--- Exercise material ---

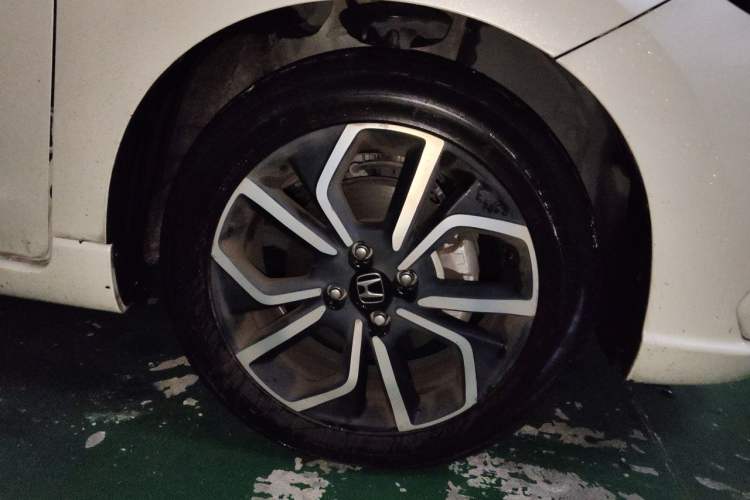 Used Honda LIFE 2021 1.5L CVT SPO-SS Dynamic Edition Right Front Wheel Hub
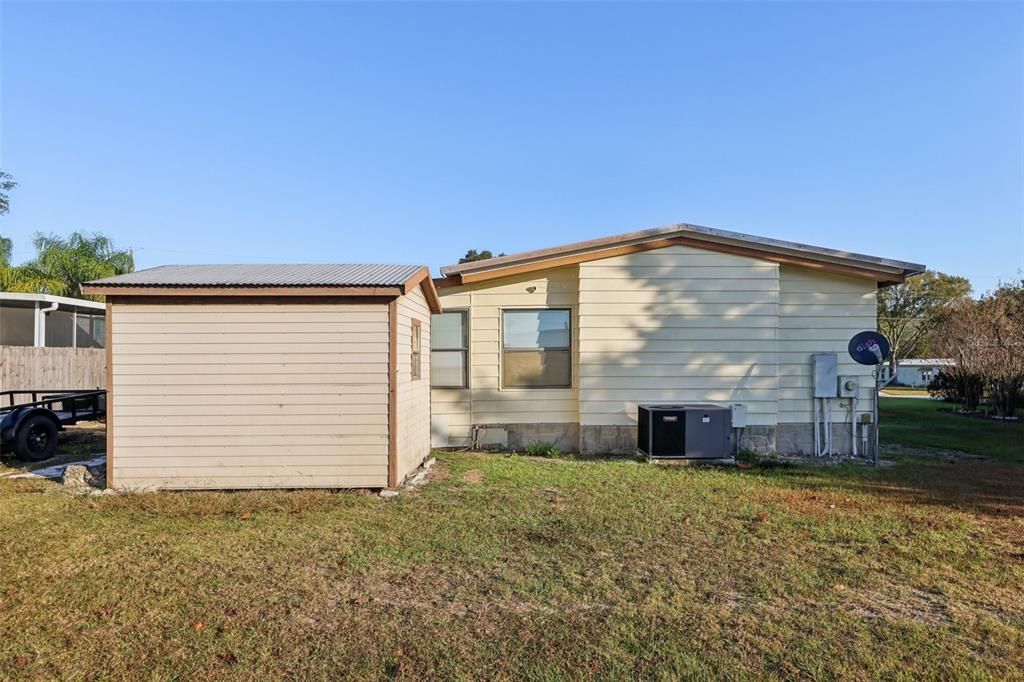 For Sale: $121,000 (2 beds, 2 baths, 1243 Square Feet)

---
--- Exercise material ---

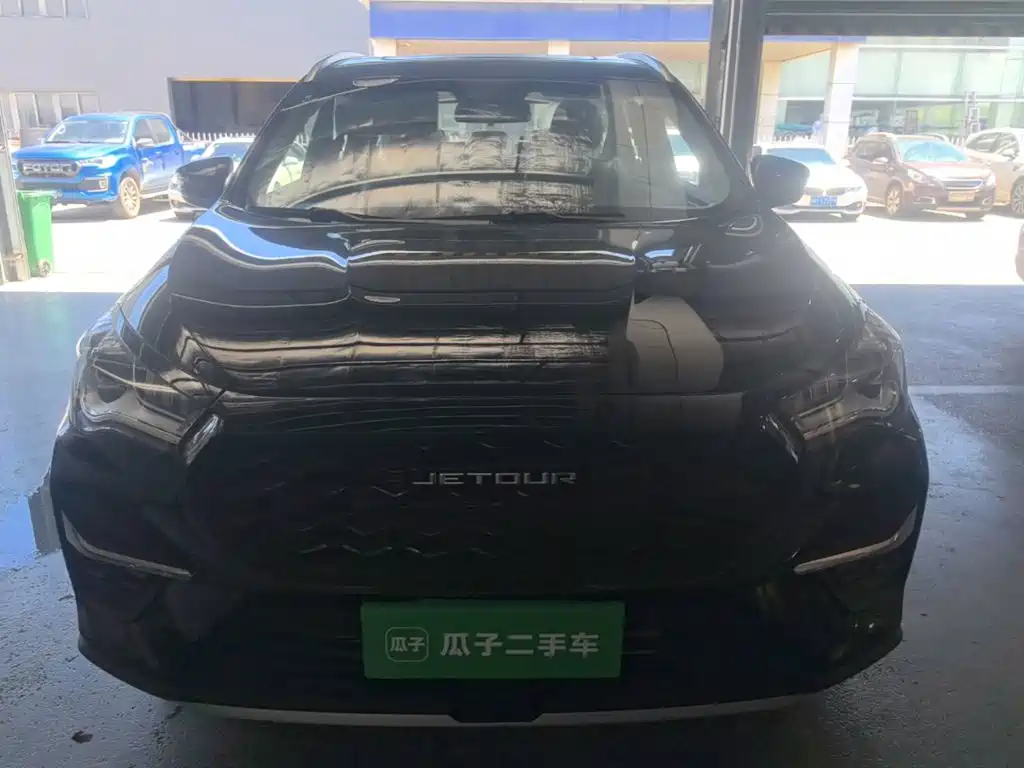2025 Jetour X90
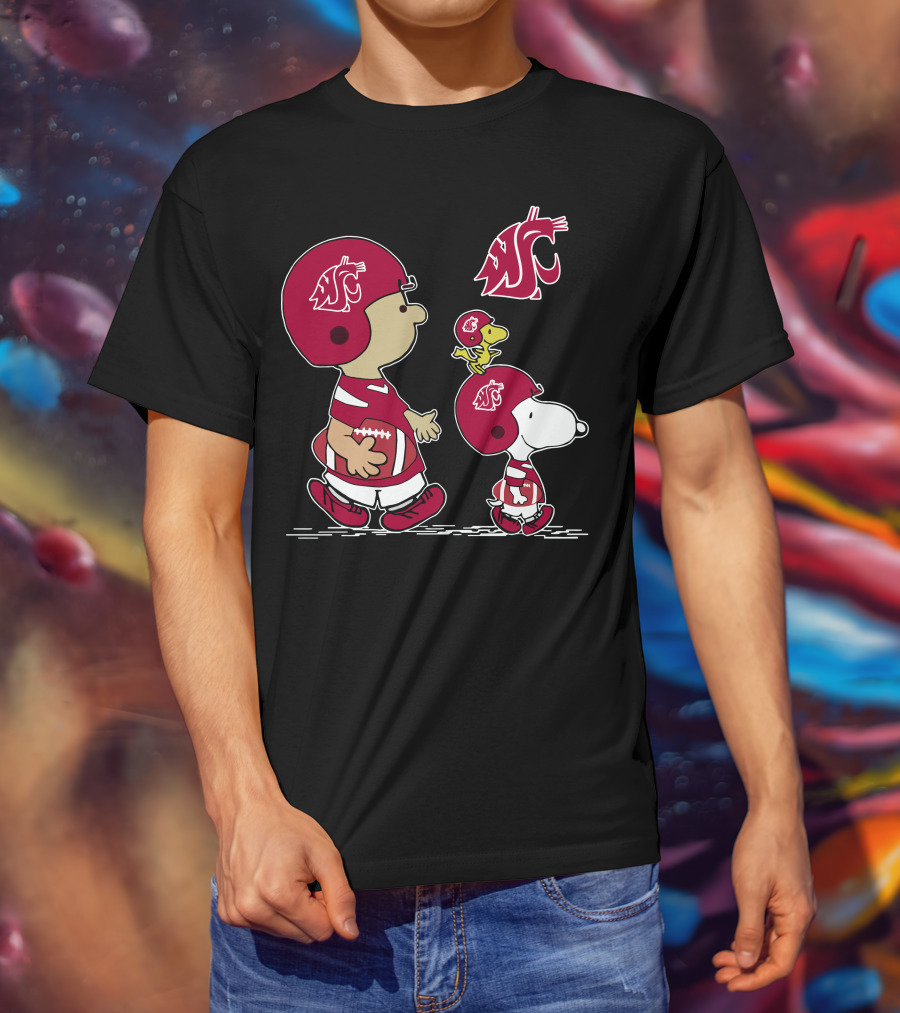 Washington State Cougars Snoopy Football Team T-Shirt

---

While skipping the pictures, transcribe the data above from the line showing "Used Honda LIFE" through the line showing "For Sale: $121,000", exactly and with both ends.

* Answer section
 Used Honda LIFE 2021 1.5L CVT SPO-SS Dynamic Edition Right Front Wheel Hub
 For Sale: $121,000 (2 beds, 2 baths, 1243 Square Feet)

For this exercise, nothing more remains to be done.